• _WHAT TO DO_
Beginning with the line that contains "Black Women Strapless", retype the entries below exactly, ending with the line that contains "PALLET CONTAINING A". Leave out any pictures.

• _Scraped caption text data_
Content starts

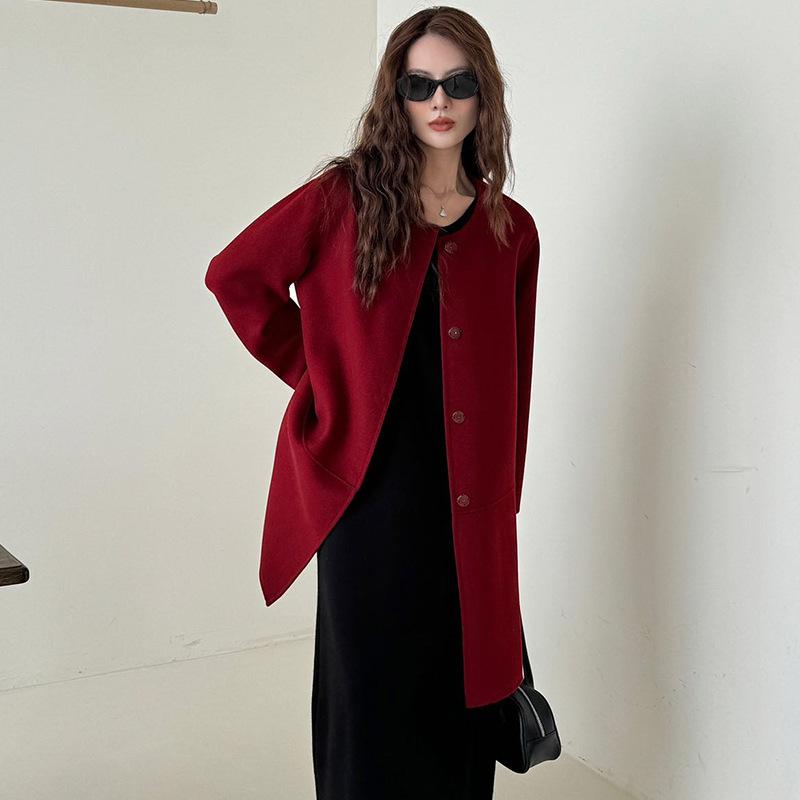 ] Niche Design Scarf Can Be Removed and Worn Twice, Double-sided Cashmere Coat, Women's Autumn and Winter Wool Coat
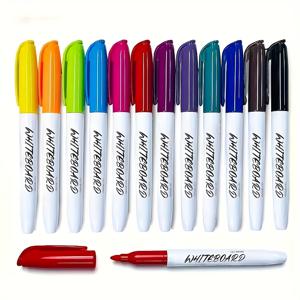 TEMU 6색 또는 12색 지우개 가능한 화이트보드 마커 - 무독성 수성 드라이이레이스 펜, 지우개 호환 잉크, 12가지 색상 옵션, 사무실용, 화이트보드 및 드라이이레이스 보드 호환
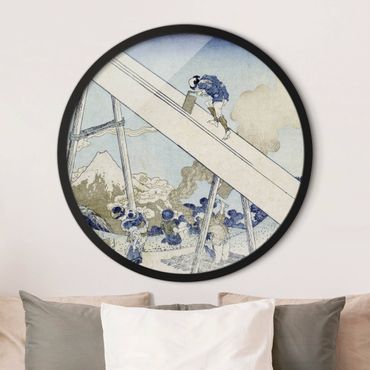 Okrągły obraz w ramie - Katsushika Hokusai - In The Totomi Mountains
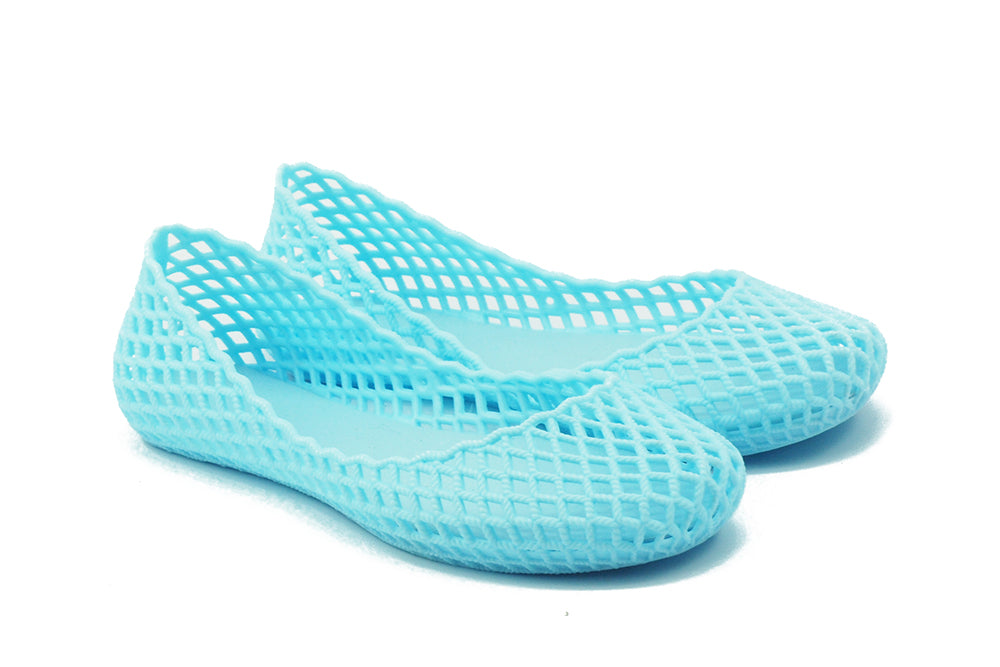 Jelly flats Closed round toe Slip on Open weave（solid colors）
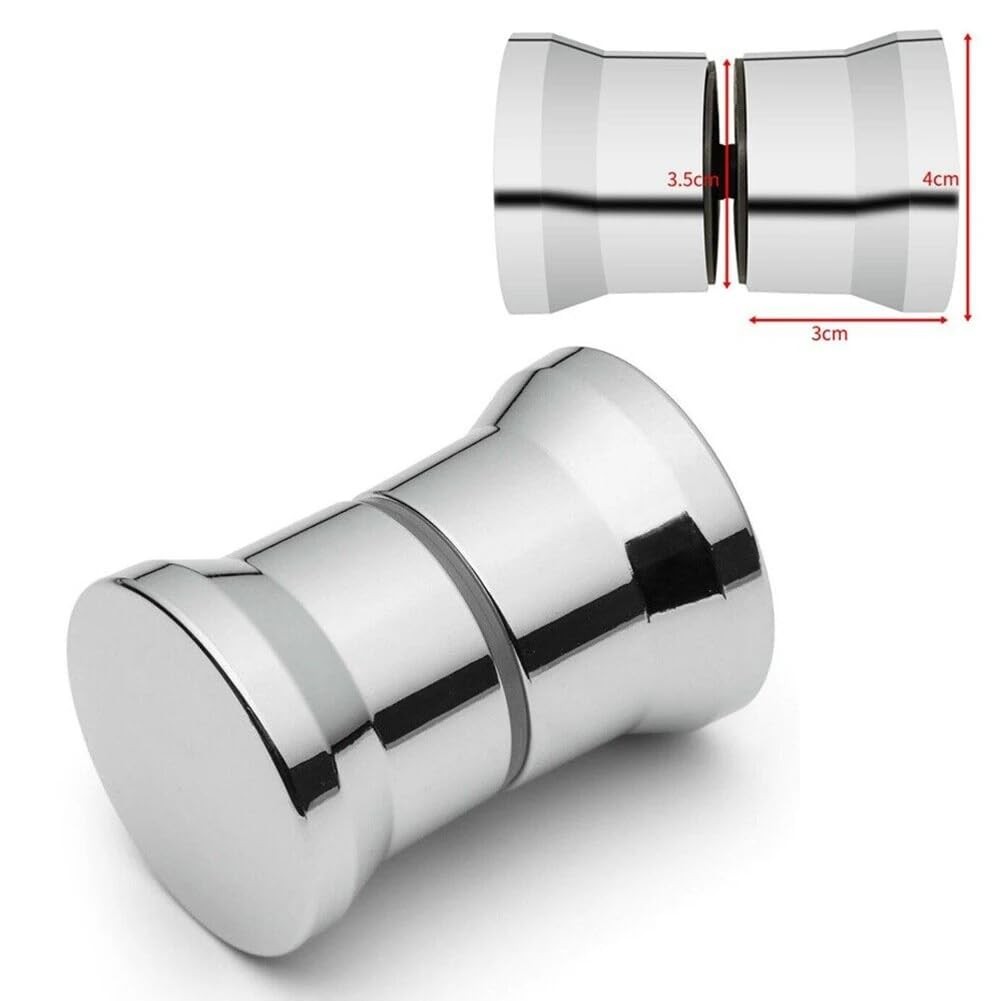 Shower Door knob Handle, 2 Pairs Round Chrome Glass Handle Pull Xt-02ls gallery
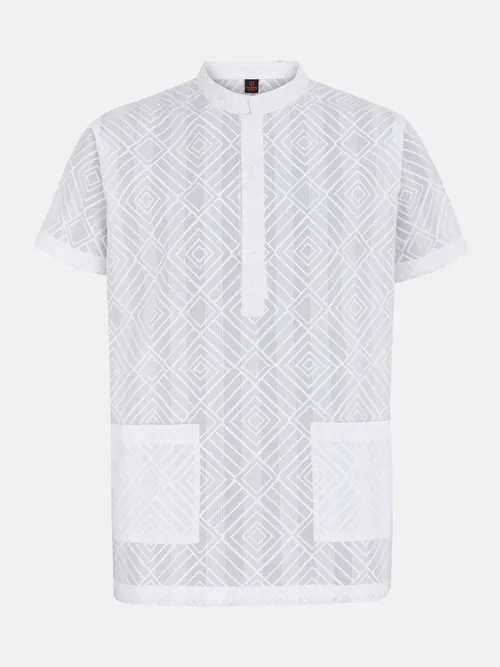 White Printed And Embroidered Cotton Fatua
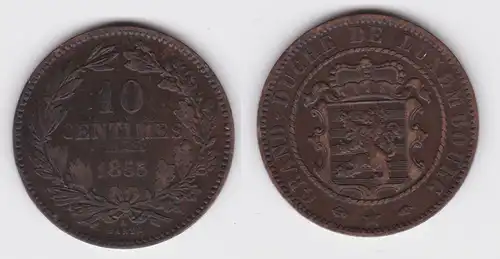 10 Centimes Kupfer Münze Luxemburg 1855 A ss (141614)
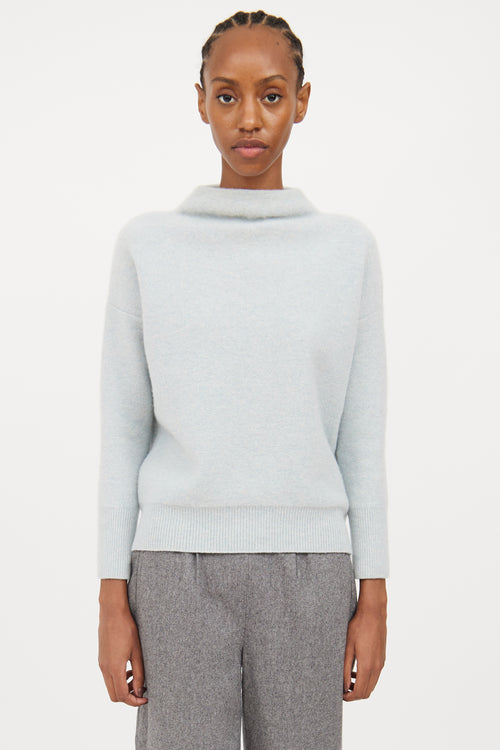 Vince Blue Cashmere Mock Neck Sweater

Content ends
Content starts

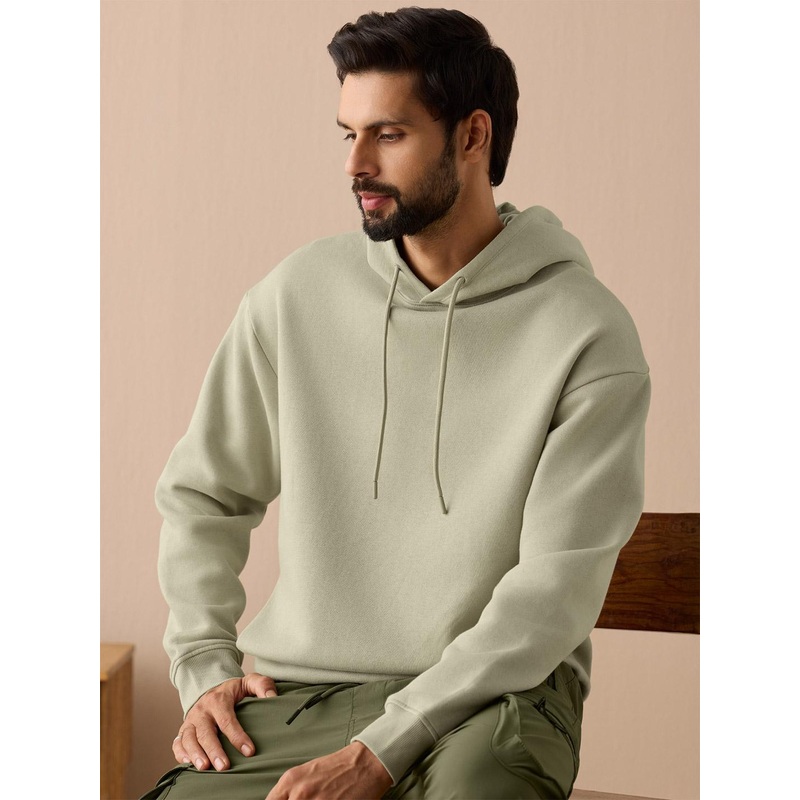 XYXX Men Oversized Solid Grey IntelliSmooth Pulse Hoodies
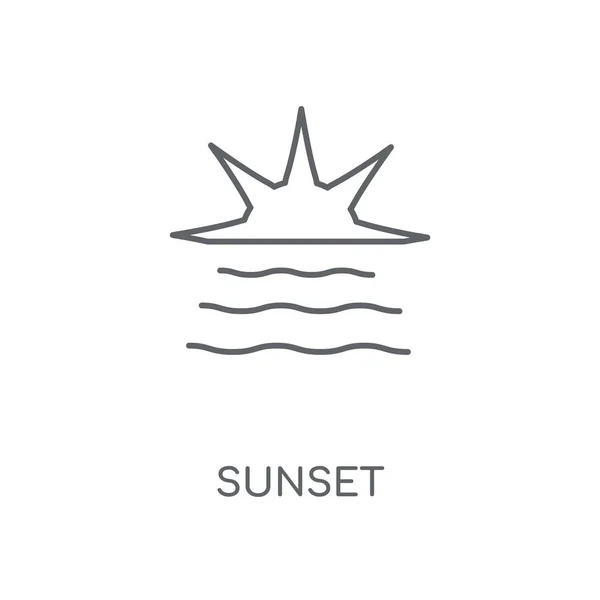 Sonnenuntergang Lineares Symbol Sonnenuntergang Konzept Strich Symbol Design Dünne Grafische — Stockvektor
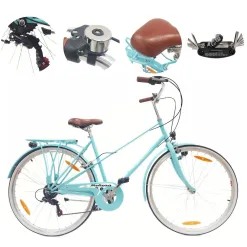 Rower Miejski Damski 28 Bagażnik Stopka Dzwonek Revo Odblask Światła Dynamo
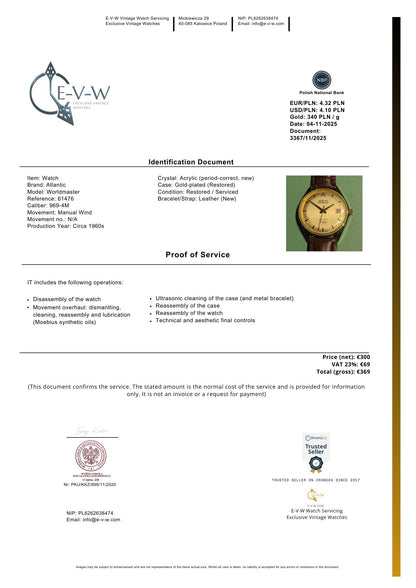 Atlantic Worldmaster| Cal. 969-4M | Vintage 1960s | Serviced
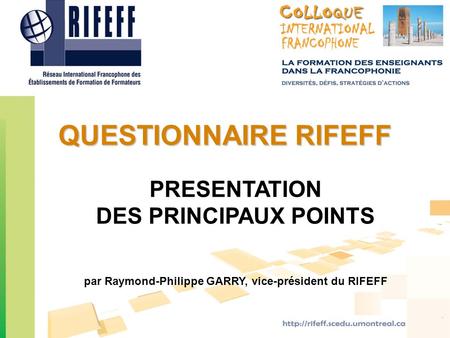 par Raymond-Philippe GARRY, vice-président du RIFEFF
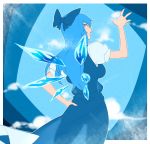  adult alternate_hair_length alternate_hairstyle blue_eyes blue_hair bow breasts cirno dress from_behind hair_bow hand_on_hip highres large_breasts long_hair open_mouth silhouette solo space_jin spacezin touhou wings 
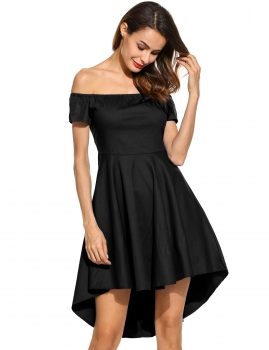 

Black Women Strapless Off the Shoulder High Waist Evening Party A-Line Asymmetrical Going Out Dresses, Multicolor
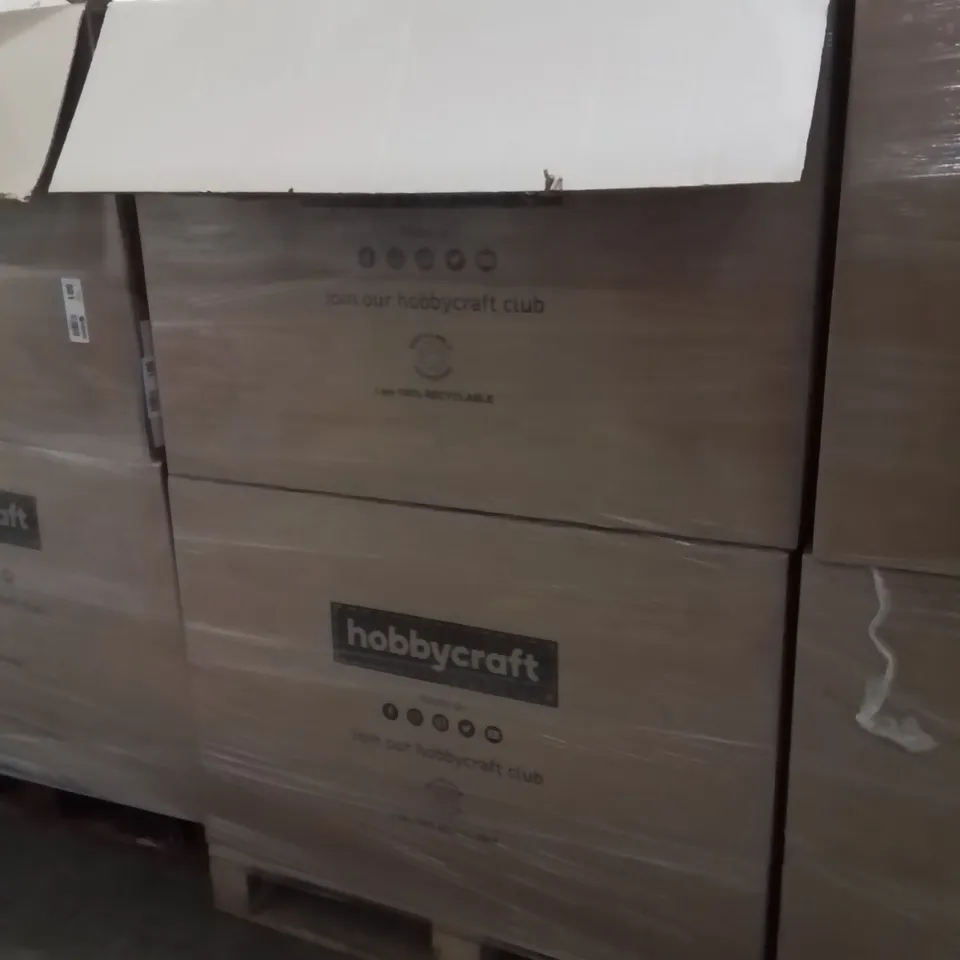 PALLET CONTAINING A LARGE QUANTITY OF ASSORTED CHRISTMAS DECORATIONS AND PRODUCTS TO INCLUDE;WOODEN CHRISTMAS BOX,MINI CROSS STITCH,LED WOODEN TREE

Content ends

• _OUTPUT OF THE EXERCISE_
Black Women Strapless Off the Shoulder High Waist Evening Party A-Line Asymmetrical Going Out Dresses, Multicolor
 PALLET CONTAINING A LARGE QUANTITY OF ASSORTED CHRISTMAS DECORATIONS AND PRODUCTS TO INCLUDE;WOODEN CHRISTMAS BOX,MINI CROSS STITCH,LED WOODEN TREE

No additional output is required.